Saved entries
=== Begin Enclosure ===
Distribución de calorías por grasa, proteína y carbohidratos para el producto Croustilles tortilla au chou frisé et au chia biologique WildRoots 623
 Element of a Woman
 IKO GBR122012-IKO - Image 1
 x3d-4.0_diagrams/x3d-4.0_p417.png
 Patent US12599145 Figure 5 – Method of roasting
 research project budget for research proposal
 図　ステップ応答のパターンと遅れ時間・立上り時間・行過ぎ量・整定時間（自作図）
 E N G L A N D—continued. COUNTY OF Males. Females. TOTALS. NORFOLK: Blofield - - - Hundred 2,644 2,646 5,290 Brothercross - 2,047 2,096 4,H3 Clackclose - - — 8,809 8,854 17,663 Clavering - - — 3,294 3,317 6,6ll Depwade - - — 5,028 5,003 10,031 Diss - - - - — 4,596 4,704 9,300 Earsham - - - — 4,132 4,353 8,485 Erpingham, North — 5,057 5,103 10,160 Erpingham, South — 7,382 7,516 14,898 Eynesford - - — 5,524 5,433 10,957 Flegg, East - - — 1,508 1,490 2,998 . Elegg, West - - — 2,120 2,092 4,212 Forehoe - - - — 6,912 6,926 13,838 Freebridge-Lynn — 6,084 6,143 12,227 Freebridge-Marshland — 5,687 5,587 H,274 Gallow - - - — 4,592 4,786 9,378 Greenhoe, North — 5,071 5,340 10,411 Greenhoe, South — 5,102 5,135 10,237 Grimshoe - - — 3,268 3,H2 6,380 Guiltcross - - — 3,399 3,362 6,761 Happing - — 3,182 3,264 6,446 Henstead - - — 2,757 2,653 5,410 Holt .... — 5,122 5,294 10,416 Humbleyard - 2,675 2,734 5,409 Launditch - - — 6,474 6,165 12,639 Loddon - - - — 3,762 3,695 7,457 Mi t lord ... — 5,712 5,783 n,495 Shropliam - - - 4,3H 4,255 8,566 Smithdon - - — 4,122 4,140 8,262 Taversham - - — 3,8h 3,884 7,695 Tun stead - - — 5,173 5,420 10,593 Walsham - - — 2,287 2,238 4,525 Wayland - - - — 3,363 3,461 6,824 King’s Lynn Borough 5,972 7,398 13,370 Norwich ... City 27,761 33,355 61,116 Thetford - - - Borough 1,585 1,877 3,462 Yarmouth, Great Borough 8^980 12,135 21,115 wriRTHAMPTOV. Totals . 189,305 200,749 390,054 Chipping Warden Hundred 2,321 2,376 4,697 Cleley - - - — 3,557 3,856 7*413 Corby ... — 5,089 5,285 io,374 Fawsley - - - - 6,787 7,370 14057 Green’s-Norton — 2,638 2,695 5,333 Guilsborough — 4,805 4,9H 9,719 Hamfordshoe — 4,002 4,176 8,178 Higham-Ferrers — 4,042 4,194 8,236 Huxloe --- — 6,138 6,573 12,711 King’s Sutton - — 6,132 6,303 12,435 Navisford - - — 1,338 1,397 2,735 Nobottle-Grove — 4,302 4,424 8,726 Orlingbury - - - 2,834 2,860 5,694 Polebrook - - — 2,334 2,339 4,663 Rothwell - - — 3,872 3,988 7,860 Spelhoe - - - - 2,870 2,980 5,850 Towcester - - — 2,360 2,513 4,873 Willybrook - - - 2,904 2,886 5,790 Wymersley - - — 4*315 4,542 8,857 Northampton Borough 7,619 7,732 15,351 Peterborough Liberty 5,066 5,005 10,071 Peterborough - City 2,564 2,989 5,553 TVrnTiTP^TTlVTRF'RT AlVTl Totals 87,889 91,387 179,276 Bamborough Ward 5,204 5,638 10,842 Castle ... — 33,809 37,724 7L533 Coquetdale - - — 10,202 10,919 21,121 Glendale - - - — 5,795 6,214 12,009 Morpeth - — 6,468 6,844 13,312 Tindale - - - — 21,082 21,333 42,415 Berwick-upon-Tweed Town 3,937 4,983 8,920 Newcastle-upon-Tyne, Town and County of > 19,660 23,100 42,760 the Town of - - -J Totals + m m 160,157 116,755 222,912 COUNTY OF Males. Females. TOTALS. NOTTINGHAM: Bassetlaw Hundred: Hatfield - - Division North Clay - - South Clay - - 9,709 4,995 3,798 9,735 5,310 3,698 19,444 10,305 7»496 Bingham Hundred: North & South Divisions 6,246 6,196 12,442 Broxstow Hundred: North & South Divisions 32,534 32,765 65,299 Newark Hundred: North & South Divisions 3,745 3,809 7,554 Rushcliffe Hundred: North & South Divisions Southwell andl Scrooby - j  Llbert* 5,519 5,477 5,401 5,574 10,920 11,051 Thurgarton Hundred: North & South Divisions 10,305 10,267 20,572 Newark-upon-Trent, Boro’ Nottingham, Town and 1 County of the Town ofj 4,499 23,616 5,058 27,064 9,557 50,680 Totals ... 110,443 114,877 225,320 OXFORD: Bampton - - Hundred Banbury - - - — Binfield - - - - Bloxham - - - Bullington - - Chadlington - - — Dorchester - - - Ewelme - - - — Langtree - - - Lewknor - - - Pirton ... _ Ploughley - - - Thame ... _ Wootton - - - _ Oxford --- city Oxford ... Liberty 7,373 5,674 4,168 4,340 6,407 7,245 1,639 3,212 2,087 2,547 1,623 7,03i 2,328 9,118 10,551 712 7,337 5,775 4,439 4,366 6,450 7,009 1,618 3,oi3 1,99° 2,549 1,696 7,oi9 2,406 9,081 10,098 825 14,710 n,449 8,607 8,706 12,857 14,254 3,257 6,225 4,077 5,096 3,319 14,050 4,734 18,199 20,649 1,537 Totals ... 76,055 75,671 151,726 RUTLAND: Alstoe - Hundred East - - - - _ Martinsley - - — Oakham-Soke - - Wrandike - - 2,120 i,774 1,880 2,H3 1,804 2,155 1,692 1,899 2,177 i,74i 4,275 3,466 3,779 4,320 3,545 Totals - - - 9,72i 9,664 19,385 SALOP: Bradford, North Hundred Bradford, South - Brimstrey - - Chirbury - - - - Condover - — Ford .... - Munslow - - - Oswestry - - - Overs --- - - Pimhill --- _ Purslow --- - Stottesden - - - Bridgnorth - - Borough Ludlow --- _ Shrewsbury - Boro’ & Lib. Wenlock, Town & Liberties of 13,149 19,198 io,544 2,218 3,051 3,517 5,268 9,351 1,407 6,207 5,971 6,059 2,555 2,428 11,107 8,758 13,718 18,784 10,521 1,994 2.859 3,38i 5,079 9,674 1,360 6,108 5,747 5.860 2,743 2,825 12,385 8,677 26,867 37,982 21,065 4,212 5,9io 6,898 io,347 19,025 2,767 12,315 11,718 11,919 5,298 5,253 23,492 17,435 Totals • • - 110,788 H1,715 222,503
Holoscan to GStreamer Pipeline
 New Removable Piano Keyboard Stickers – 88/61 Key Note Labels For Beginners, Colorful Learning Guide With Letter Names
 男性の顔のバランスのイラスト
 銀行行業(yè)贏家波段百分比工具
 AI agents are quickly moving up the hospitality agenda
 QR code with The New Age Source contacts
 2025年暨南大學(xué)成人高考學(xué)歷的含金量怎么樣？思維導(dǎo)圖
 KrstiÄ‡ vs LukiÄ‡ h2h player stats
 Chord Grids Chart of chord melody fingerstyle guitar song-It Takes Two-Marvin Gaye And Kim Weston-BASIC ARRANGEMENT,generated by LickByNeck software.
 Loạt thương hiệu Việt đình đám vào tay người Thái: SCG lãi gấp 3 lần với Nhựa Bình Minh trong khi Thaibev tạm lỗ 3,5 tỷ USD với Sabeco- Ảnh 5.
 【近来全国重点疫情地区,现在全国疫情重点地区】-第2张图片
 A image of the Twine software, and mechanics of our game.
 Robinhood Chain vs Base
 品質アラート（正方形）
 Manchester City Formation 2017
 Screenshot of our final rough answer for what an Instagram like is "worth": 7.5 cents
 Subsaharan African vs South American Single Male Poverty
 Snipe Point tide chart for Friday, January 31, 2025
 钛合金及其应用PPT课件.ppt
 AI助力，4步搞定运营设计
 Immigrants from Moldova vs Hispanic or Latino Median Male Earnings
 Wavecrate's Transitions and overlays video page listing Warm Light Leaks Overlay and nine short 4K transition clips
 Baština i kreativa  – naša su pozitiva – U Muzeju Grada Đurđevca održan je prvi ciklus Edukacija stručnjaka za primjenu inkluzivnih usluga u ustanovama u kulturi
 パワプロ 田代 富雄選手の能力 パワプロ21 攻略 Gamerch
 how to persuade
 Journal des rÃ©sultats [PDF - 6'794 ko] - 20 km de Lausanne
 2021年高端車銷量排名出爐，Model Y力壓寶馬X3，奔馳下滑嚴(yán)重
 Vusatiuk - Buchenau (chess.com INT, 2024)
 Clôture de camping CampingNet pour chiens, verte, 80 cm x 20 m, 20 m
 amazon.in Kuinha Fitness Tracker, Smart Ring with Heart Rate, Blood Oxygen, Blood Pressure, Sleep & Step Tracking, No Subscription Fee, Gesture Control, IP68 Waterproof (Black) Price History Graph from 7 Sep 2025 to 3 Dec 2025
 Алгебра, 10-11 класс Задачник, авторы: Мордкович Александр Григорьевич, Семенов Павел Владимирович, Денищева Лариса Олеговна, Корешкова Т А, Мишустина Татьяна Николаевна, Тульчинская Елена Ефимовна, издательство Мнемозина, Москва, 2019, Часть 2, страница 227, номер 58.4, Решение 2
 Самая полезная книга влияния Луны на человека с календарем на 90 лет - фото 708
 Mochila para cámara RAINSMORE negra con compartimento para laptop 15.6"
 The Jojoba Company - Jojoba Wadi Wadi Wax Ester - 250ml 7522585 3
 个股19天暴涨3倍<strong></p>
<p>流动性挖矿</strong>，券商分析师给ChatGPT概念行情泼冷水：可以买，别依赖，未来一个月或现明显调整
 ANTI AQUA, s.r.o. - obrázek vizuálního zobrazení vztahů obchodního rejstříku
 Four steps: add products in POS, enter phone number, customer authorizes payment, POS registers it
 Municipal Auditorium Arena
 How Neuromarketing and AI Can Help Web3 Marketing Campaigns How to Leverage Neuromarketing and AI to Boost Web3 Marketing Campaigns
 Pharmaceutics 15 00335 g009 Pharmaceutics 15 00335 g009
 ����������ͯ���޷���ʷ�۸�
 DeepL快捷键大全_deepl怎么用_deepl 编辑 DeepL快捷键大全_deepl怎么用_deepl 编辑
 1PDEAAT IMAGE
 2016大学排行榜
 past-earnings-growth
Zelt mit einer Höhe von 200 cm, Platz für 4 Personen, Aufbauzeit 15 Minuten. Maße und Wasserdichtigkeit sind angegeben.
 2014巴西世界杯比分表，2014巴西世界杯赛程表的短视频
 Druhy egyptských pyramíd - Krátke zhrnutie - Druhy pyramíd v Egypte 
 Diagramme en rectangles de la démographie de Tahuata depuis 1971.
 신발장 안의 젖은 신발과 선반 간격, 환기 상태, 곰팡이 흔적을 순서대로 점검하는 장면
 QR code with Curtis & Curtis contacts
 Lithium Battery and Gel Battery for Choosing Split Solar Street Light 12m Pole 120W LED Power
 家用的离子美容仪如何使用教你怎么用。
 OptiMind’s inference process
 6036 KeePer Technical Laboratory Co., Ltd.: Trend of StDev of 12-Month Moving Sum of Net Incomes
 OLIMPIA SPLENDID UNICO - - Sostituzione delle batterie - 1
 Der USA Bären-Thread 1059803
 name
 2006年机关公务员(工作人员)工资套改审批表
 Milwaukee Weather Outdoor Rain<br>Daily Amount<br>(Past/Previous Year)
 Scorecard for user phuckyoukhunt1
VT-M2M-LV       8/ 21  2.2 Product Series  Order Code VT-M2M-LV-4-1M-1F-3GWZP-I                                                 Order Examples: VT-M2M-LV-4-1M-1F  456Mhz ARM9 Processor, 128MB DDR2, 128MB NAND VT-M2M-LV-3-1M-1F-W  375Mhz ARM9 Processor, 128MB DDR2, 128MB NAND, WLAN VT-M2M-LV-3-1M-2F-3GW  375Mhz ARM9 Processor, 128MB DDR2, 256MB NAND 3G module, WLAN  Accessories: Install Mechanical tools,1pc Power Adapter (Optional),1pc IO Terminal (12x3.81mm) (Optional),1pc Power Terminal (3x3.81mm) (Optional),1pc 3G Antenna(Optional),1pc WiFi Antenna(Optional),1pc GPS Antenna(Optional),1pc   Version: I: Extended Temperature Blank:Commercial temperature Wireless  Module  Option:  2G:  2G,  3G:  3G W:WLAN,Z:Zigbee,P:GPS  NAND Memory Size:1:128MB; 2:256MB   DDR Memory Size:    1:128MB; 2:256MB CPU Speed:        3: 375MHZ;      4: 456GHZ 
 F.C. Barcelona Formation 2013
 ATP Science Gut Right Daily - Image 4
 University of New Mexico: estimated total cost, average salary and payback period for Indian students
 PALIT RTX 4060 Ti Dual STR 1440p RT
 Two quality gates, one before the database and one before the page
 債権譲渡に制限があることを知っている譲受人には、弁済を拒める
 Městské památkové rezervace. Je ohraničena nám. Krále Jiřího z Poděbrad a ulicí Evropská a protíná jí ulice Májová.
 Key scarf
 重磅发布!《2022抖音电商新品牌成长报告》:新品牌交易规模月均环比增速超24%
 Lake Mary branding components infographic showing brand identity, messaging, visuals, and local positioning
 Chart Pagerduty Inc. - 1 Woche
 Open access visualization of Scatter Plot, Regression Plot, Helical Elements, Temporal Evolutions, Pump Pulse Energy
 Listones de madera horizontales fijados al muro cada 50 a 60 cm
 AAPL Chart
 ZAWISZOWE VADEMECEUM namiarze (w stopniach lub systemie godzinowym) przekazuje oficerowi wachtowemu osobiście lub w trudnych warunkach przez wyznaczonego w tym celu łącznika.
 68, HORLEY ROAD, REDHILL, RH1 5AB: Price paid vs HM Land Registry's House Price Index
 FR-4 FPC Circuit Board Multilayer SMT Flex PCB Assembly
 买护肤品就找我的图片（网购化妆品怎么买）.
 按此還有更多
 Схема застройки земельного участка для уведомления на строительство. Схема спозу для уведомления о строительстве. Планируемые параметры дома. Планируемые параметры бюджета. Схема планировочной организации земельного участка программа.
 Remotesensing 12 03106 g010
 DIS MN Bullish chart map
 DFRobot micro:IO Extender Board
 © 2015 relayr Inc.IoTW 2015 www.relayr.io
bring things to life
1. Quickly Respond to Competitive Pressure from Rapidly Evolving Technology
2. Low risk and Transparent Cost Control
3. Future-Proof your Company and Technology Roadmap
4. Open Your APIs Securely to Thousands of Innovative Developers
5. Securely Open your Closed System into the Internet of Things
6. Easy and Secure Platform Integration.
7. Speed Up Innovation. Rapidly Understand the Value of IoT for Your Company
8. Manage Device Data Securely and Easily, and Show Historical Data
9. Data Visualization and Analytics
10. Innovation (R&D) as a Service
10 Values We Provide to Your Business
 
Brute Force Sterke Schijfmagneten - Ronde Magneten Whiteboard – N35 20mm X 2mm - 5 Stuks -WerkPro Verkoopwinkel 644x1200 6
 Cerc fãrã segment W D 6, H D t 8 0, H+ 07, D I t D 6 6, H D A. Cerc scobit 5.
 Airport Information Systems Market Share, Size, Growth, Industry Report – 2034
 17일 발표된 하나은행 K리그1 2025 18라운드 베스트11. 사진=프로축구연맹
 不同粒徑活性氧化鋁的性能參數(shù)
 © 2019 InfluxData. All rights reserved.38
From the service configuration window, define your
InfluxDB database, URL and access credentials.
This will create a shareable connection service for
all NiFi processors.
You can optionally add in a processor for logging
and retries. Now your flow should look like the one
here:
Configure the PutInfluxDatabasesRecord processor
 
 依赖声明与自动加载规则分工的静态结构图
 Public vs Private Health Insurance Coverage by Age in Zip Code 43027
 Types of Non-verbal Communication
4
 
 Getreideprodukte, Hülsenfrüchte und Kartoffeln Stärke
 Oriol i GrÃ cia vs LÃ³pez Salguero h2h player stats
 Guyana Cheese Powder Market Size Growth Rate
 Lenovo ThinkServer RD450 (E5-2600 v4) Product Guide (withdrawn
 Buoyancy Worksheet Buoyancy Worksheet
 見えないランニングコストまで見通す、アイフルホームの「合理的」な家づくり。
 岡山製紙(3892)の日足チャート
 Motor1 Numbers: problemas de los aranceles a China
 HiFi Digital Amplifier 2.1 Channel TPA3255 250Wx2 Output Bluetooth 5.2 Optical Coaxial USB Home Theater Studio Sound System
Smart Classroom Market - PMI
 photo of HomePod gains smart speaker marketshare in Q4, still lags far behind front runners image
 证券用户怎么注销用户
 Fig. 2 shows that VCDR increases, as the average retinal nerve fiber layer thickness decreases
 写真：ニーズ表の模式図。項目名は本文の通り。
=== End Enclosure ===
Task requirements: Give only the lines from the one holding "Remotesensing 12 03106 g010" through the one holding "photo of HomePod", each restated exactly as it appears above.

Completed task:
 Remotesensing 12 03106 g010
 DIS MN Bullish chart map
 DFRobot micro:IO Extender Board
 © 2015 relayr Inc.IoTW 2015 www.relayr.io
bring things to life
1. Quickly Respond to Competitive Pressure from Rapidly Evolving Technology
2. Low risk and Transparent Cost Control
3. Future-Proof your Company and Technology Roadmap
4. Open Your APIs Securely to Thousands of Innovative Developers
5. Securely Open your Closed System into the Internet of Things
6. Easy and Secure Platform Integration.
7. Speed Up Innovation. Rapidly Understand the Value of IoT for Your Company
8. Manage Device Data Securely and Easily, and Show Historical Data
9. Data Visualization and Analytics
10. Innovation (R&D) as a Service
10 Values We Provide to Your Business
 
Brute Force Sterke Schijfmagneten - Ronde Magneten Whiteboard – N35 20mm X 2mm - 5 Stuks -WerkPro Verkoopwinkel 644x1200 6
 Cerc fãrã segment W D 6, H D t 8 0, H+ 07, D I t D 6 6, H D A. Cerc scobit 5.
 Airport Information Systems Market Share, Size, Growth, Industry Report – 2034
 17일 발표된 하나은행 K리그1 2025 18라운드 베스트11. 사진=프로축구연맹
 不同粒徑活性氧化鋁的性能參數(shù)
 © 2019 InfluxData. All rights reserved.38
From the service configuration window, define your
InfluxDB database, URL and access credentials.
This will create a shareable connection service for
all NiFi processors.
You can optionally add in a processor for logging
and retries. Now your flow should look like the one
here:
Configure the PutInfluxDatabasesRecord processor
 
 依赖声明与自动加载规则分工的静态结构图
 Public vs Private Health Insurance Coverage by Age in Zip Code 43027
 Types of Non-verbal Communication
4
 
 Getreideprodukte, Hülsenfrüchte und Kartoffeln Stärke
 Oriol i GrÃ cia vs LÃ³pez Salguero h2h player stats
 Guyana Cheese Powder Market Size Growth Rate
 Lenovo ThinkServer RD450 (E5-2600 v4) Product Guide (withdrawn
 Buoyancy Worksheet Buoyancy Worksheet
 見えないランニングコストまで見通す、アイフルホームの「合理的」な家づくり。
 岡山製紙(3892)の日足チャート
 Motor1 Numbers: problemas de los aranceles a China
 HiFi Digital Amplifier 2.1 Channel TPA3255 250Wx2 Output Bluetooth 5.2 Optical Coaxial USB Home Theater Studio Sound System
Smart Classroom Market - PMI
 photo of HomePod gains smart speaker marketshare in Q4, still lags far behind front runners image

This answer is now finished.